Robust Object Detection for Autonomous Driving via Curriculum-Guided Group Relative Policy Optimization
Xu Jia
TL;DR
This work tackles robust multimodal object detection for autonomous driving by marrying Group Relative Policy Optimization (GRPO) with curriculum-guided data scheduling and difficulty-aware filtering to address sparse and noisy reward signals. The approach uses a multi-component loss (IoU, Format, KL) and intra-group reward normalization to stabilize learning while progressively presenting harder samples through a curriculum. Empirical results on CODA and BDD-100K show substantial gains in IoU for critical categories (e.g., 9.4 percentage points on BDD-100K pedestrians/non-motorized vehicles and 7.1 percentage points on CODA traffic participants), demonstrating improved localization and robustness across domains. The findings suggest reinforcement-driven optimization with structured data curricula as a scalable path toward robust, interpretable vision-language perception in real-world autonomous systems.
Abstract
Multimodal Large Language Models (MLLMs) excel in vision-language reasoning but often struggle with structured perception tasks requiring precise localization and robustness.
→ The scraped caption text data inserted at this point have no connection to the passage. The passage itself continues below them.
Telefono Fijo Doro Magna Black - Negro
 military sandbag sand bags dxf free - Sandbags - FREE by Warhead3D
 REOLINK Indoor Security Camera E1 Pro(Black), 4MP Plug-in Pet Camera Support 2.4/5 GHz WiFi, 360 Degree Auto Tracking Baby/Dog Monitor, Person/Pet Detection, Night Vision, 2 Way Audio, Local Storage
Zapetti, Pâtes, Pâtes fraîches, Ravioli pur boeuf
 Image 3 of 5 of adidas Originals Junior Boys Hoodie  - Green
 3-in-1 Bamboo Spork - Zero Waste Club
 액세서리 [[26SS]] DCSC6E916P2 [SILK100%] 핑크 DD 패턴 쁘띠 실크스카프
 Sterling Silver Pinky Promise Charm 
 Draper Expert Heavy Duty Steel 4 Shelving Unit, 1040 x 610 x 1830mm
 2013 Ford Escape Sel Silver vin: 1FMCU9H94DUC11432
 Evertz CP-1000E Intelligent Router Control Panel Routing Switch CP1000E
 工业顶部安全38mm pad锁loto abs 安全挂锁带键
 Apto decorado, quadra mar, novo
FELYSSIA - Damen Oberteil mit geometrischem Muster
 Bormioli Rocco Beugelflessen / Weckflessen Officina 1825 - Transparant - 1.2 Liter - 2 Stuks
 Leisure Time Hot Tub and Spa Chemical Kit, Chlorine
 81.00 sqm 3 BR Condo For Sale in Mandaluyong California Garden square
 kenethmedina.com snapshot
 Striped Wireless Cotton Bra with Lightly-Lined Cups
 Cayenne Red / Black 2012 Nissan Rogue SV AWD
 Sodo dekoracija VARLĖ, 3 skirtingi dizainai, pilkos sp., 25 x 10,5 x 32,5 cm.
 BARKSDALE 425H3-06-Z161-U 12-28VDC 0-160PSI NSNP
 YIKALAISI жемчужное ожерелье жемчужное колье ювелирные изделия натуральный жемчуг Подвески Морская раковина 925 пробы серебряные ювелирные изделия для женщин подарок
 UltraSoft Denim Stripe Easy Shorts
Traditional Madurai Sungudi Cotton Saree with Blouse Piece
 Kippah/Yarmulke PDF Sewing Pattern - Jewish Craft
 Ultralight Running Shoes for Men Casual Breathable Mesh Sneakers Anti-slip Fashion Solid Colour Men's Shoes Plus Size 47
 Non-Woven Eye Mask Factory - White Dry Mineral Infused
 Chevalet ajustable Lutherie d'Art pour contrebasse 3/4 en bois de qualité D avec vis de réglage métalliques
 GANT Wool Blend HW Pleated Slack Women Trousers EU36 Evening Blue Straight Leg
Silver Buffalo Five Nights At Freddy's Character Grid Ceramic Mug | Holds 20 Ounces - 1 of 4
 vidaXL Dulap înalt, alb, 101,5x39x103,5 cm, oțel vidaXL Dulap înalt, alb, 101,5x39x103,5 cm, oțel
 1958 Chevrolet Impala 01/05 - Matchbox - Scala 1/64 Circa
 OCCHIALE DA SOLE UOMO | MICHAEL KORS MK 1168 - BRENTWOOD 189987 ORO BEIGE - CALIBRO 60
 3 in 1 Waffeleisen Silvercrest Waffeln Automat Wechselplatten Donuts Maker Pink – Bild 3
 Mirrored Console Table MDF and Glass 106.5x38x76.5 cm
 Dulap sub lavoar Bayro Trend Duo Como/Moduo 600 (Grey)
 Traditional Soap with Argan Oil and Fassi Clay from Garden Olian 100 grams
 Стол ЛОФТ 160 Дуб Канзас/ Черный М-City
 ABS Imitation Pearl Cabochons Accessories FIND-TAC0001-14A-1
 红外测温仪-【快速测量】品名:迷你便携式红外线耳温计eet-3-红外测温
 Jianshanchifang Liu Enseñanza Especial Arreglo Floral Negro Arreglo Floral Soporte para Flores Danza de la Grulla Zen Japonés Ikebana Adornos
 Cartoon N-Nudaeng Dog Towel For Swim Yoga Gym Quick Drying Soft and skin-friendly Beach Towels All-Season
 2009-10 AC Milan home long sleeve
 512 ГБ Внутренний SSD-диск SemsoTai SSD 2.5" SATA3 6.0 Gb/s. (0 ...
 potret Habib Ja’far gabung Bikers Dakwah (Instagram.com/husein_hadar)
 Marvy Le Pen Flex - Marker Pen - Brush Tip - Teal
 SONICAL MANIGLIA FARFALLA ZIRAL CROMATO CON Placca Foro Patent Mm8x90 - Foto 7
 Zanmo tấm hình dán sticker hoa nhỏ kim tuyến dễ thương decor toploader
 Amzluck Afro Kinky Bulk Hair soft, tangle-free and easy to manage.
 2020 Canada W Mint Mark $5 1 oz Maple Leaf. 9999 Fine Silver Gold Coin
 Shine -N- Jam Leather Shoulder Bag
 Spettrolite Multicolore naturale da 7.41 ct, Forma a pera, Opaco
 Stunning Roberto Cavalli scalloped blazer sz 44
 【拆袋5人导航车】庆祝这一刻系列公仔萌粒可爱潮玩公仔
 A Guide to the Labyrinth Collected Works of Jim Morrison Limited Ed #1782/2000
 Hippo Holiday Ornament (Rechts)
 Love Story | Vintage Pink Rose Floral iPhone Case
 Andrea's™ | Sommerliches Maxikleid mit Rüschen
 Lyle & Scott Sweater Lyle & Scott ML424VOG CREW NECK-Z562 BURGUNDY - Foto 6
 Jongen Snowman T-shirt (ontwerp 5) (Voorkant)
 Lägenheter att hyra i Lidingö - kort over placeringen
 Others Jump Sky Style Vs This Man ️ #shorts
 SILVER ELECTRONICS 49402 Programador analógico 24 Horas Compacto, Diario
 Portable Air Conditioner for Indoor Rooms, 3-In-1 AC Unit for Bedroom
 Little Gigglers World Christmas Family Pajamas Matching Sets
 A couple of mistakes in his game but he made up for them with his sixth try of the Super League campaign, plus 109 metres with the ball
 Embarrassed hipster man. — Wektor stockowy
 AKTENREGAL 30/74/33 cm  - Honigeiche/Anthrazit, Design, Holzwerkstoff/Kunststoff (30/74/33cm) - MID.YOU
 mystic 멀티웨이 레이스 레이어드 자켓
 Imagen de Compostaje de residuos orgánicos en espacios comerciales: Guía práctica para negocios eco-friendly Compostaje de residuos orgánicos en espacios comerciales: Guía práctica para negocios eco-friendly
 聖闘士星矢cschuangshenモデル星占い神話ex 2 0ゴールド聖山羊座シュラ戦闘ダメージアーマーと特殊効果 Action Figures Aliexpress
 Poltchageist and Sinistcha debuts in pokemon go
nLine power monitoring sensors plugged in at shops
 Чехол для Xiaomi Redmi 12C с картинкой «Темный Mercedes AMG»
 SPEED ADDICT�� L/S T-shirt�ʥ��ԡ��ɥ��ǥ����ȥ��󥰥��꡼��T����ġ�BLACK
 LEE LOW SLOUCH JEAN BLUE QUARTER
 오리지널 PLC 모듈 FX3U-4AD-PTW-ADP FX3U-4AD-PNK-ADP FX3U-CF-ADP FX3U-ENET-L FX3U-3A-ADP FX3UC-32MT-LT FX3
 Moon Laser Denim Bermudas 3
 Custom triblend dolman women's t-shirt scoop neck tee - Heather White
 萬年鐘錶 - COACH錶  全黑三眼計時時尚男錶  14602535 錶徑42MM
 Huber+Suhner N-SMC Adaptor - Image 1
We propose a reinforcement learning framework that augments Group Relative Policy Optimization (GRPO) with curriculum-based data scheduling and difficulty-aware filtering. This approach stabilizes optimization under sparse, noisy rewards and enables progressive adaptation to complex samples. Evaluations on autonomous driving benchmarks demonstrate substantial improvements in detection accuracy and robustness. Ablation studies confirm the importance of reward design, KL regularization, and curriculum pacing for convergence stability and generalization. Our findings highlight reinforcement-driven optimization with structured data curricula as a scalable path toward robust and interpretable multimodal detection.